Administrative services that will be markedly strengthened by centralization include many information technology functions; most preservation functions; and certain significant technical services such as acquisitions and cataloging.

Translated into labor terms, (with the exception of IT1), there will be less people doing these jobs at Harvard in the future. Add to this remarks like Nancy Cline’s, “were looking at buying catalog records from an outside vendor”.  This plan to outsource cataloging jobs will be more likely in a more centralized environment.
2. Rationalize and enhance our information technology systems.

The origin of the ‘irrational’ information infrastructure is glossed over. I submit that a big part of the problem has been management afraid of technology and insisting on hiring specialists to allow them to continue operating with minimum perturbation of their own jobs.
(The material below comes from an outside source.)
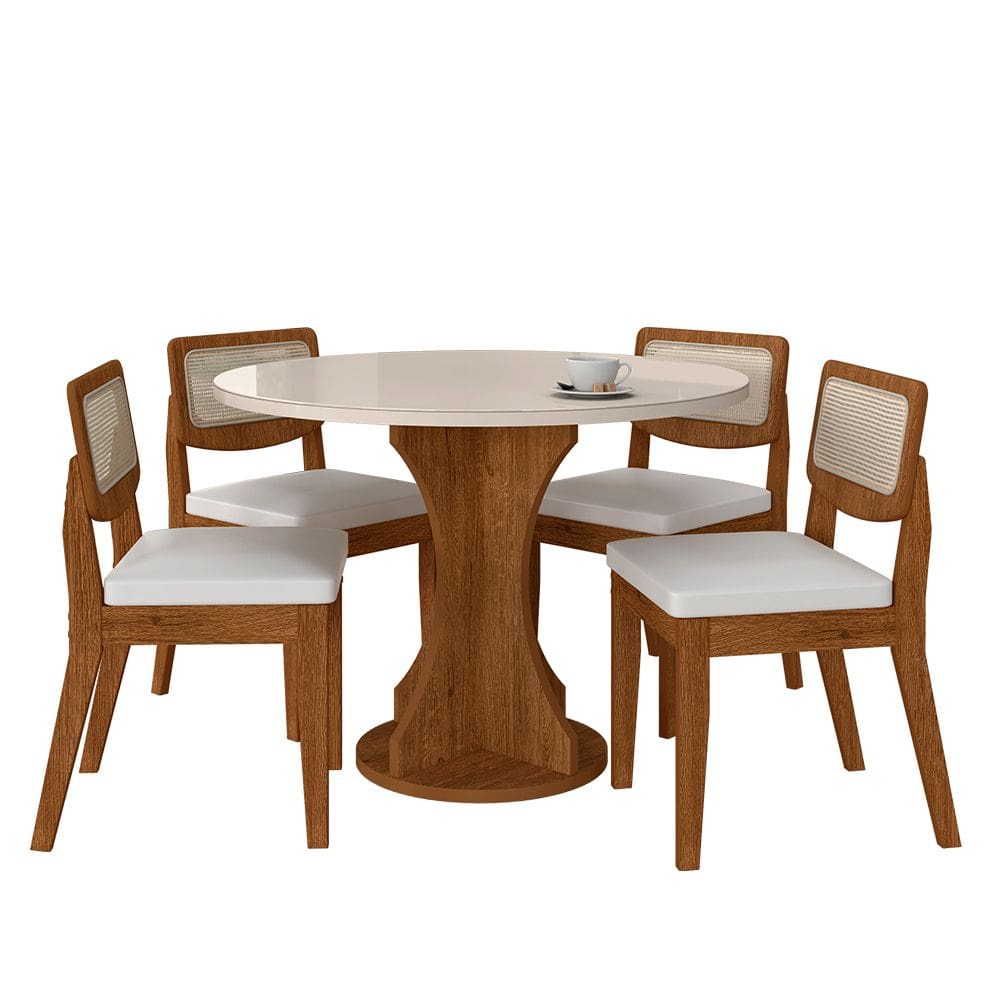 Mesa Com 4 Cadeiras Redonda C/vidro Santorini Fre/off/corino Bco - M.a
Rather than using technology to extend their own capabilities, they hire someone to  translate old ideas into the new reality. Workers who make the effort on their own to know what’s happening in the wider world are punished or marginalized. In the college libraries, websites sprang up because interested employees thought it would help their organizations. Each one had its own look, but because the information was entered by the people closest to its origin, the were accurate. One of the early moves in centralization was to kill off these examples of Zittrain’s generative internet and impose a top down approach which requires extensive communication off the net to get the sites to be accurate.

3. Revamp the financial model for the Harvard libraries.
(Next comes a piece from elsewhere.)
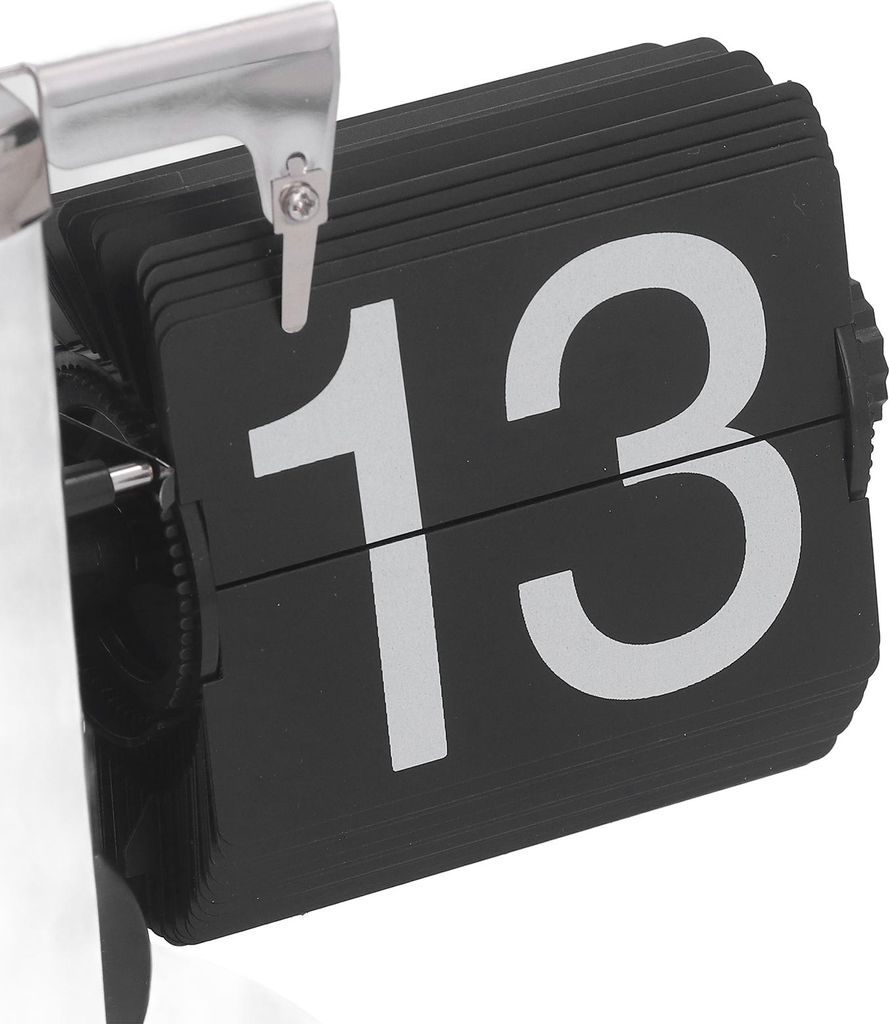Automatische Flip-Digitaluhr, mechanisches Umblättern, 12 Stunden, Schreibtisch für Wohnzimmer, Büro, Schlafsaal, Holzsockel, Schwarz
What’s remarkable here is there is no mention of  “Every Tub on It’s Own Bottom” which is second only to “Eating Your Children” to endowment fundamentalists. Is somebody going to be able to get the Widener’s, the Langdell’s and the Baker’s to agree on this? [The word tub appears  once and subtub once, but the whole phrase not at all.]

4. Rationalize our system for acquiring, accessing, and developing materials for a “single university” collection.

Another expression of centralization which if implemented as in the past means ‘out with the old employees in with the new’.

5. Collaborate more ambitiously with peer libraries and other institutions.

This recommendation has the potential to be good for a broad range of people including labor at Harvard and the other institutions. Whether good things find there way into reality depends on whether HUCTW can be vastly more effective than it has been in relating to labor at the other institutions. One question the Task Force report does not ask; Why does such cooperation not already exist? Have the libraries at other institutions been reluctant to work with the Harvard Libraries?

Among the principles to be kept in mind in implementing these recommendations, the Task Force has included:

 Strategic investments must be made in human capital to achieve these objectives and reforms.
On its face this sounds good, but based on past experience, I have to wonder if the reality will be a continuation of existing trends – ‘investing’ in new narrowly specialized employees instead of current employees who in many cases are more flexible and able to learn than the managers they work for. I don’t speak for the No Layoffs Campaign, but to me ‘No Layoffs’ doesn’t mean that people will be doing exactly the same thing three years from now as they are doing now.  Who wants to be bored like that? It means that learning will be a natural part of work rather than factory style acquisition of commodity training. The Libraries specifically and Harvard generally have to commit to it’s employees on all levels. The question of levels itself, I’ll discuss later.

1This phrase, in and of itself, presupposes an industrial model of information infrastructure which I have strong doubts about.